Jun 10, 2024 3 min read

So you want to build an Agent?

I, like many others lately, have found myself pulled into the Generative AI vortex. I kept some distance from this space for a while, only trying out the big chatbots that came out, but a few months ago I was pulled in to a project involving LLMs, and needed to learn many things very quickly.

Fast forward, and I found myself getting frustrated at the esoteric nature of Generative AI app development, and to a lesser extent, the Python-centric tooling ecosystem. Python does make sense for many things as there’s a very robust data science and ML ecosystem, but I do not call myself a Pythonista. I’ve been almost exclusively a Go programmer for the better part of a decade, so I wanted to try my hand at building some Generative AI tooling in my lingua franca.

I’ve spent a few days exploring the patterns of “Agentic RAG”, which is the latest term for “LLMs using data and tools you provide to perform tasks”. I spent a free weekend building a tool to create an Agent and/or RAG workflow without requiring any code. I think that any developer will agree that after a few years supporting code your own self wrote more than a few months ago, writing no code is generally preferable 🙂

So with the goal of making experimentation (and iteration) with Agents and RAG as quick as possible, I wrote a tool call Ragoo.

With Ragoo, you can write a YAML file which defines the various parts of an Agent or RAG workflow, compose those parts together, and run the workflow without touching a programming language.

Pulling data into a Vector DB

importers:
  - name: k8s-files
    type: file
    config:
      directory: /Users/cohix-lab/workspaces/cohix/kubernetes-the-hard-way/docs/
    steps:
      - type: embedder
        ref: ollama/arctic
        action: generate
        params:
          input: $_chunk
        var: embedding

      - type: storage
        ref: duckdb/main
        action: insert.embedding
        params:
          embedding: $embedding
          ref: $_ref
          batch: $_batch
          collection: k8s

This describes an Importer, which pulls documents from a source, chunks them, and then runs a workflow. This example runs an Embedder (which generates embeddings, or the vector representation of the text), and then inserts it into a database. I’m currently loving DuckDB, and it has built in vector abilities, so let’s use it.

Next up is a RAG workflow:

- name: k8s-docs
    stages:
      - name: k8s-docs-rag
        steps:
          - type: embedder
            ref: ollama/arctic
            action: generate
            params:
              input: $_input
            var: embedding

          - type: storage
            ref: duckdb/main
            action: lookup.cosine
            params:
              embedding: $embedding
              collection: k8s
              threshold: 0.65
              limit: 2
            var: refs

          - type: importer
            ref: k8s-files
            action: resolve.refs
            params:
              refs: $refs
              seperator: \n
            var: context

          - type: service
            ref: ollama/llama
            action: completion
            params:
              prompt: |
                $context
                ----
                Using the information above, answer the question below in 100 words or less.
                If the answer is not contained entirely within the information provided, reply 'I do not know' without any additional text.
                Only provide an answer to the question, do not summarize all of the information.
                ----
                Question: $_input
            var: _response

This workflow runs the Embedder again (this time on a prompt), uses that vector to look up Document References from the DuckDB database based on cosine similarity. The Importer is used to resolve the Document References into the files themselves, and then a template is used to send an “augmented prompt” to an LLM (Ollama running Llama3, in this case).

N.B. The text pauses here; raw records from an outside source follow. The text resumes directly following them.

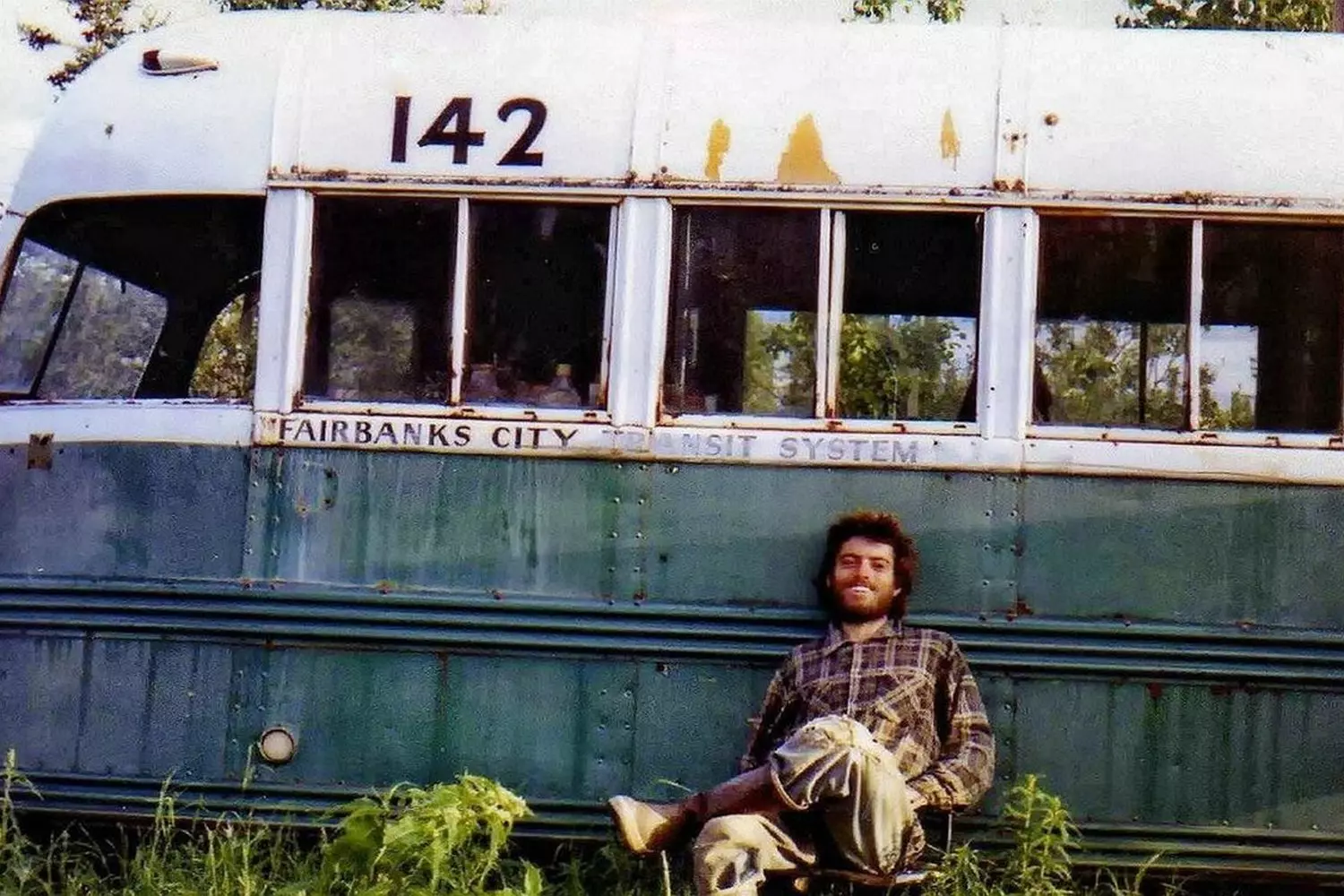Christopher McCandless at the 'Magic Bus' — A Symbol of Freedom and Tragedy (1992) Christopher McCandless, the adventurous traveler immortalized in 'Into the Wild,' standing near the abandoned bus in Alaska's wilderness with a contemplative expression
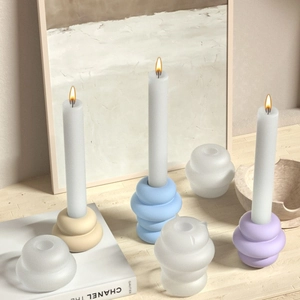 Modern wavy layered resin candle holder in soft pastel colors for minimalist home decor
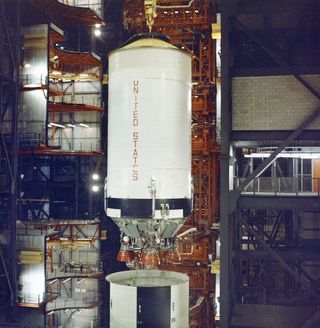 Lowering the Saturn V S-II (second) stage of the Apollo 6 mission onto the S-IC (first) stage during final assembly.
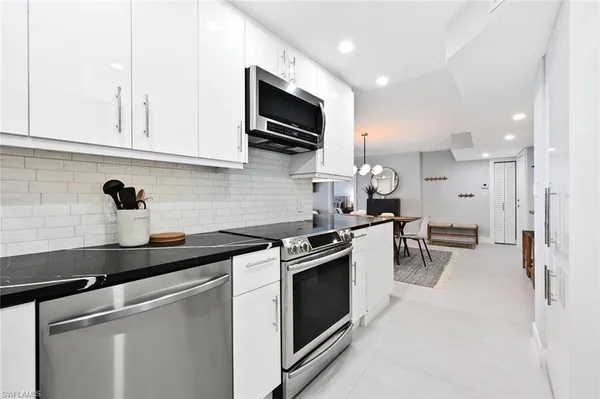 a kitchen with stainless steel appliances a sink dishwasher a stove and a microwave oven on granite countertops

The full example (find it here) imports the documents from Kubernetes the hard way and lets you ask questions about them. It works pretty well! One interesting thing I noticed is how much better Llama3 is at answering questions compared to Phi3.

I think this is useful as it allows you to easily run experiments with all the different parameters (like cosine similarity threshold, various prompt styles, etc), without needing to invest a ton of time or effort into learning every nuance of Agentic workflows and the myriad of libraries therein.

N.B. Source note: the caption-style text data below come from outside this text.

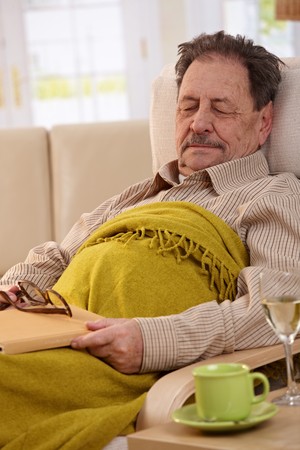 Senior man lying in armchair at home, sleeping in afternoon sunlight.の写真素材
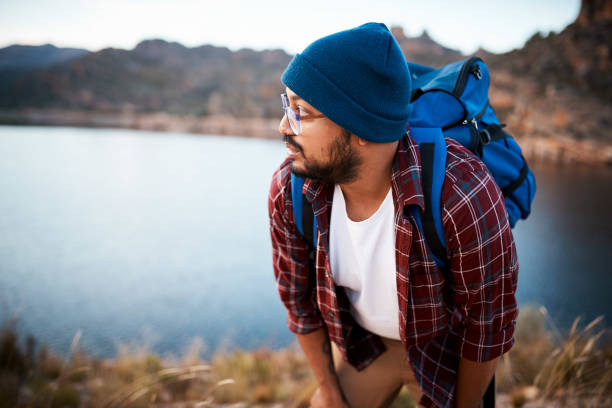 istock A hiker takes a break while climbing up a mountain with lake view 1409678732
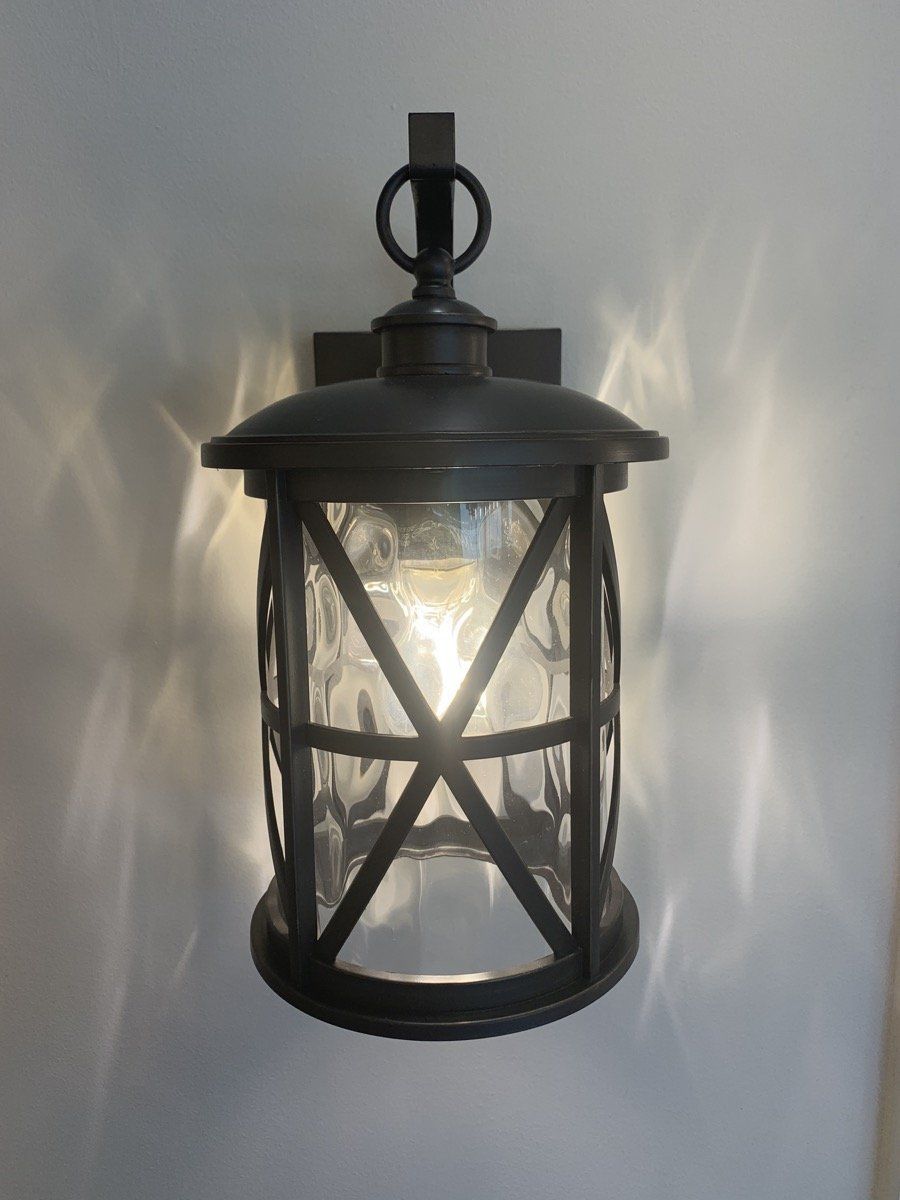 Black metal outdoor lantern on a wall, lit from within, casting patterned light.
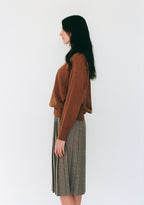 Woman wearing a brown sweater and plaid skirt against a white background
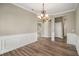 Spacious dining room with hardwood floors and access to kitchen and other rooms at 320 Pintail Ct, Suwanee, GA 30024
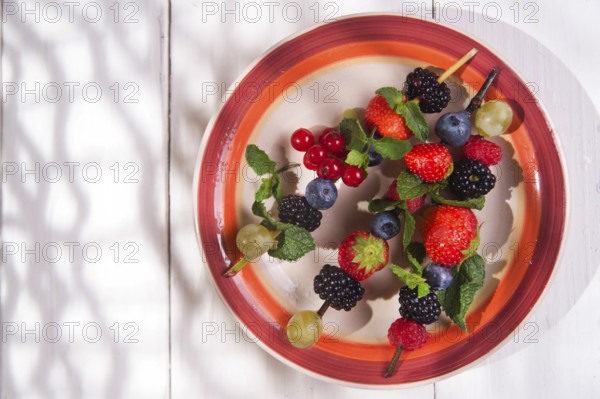 Presentation set of skewers of berries, summer dish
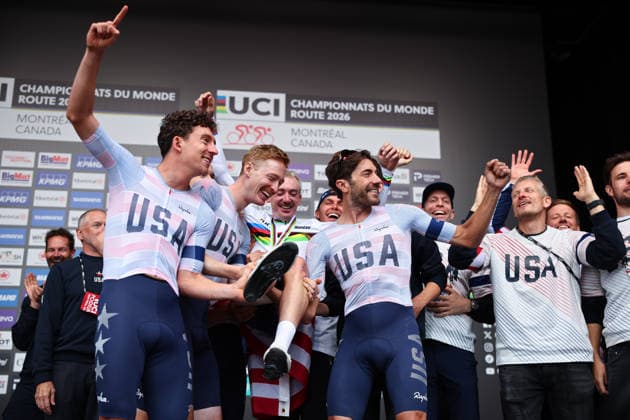 2026 UCI Road World Championships Picture by Alex Whitehead SWpix.com - 27 09 2026 - Cycling - 2026 UCI Road World Championships - MontrÃ al, Canada - Men Elite Road Race - Brandon Mcnulty (USA) celebrates winning to become World Champion with teammates on the podium Copyright: x xSWpix.comx(t axPhotographyxHubxLtd)xAlexxWhitehead SWpix.comx SWP-3521-5349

You can then run the whole thing using the ragoo binary:

go install ./cmd/ragoo/

ragoo ./ragoo.yaml

The application starts up and provides an API endpoint which will run the workflow.

I think Agents are a cool idea, somewhat like a large state machine with super indeterminate state. It’s a fun problem, and can result in some really cool capabilities.

Let me know what you think (connor [at] cohix.network or Linkedin). I’m going to continue weekend hacking on Ragoo, specifically adding more plugins and looking at adding Tools (and experiment with tool_use). I also want Ragoo to be useful as a Go package, which would allow you to experiment with an idea using YAML, and then ”drop down” into code if you want to take the idea further.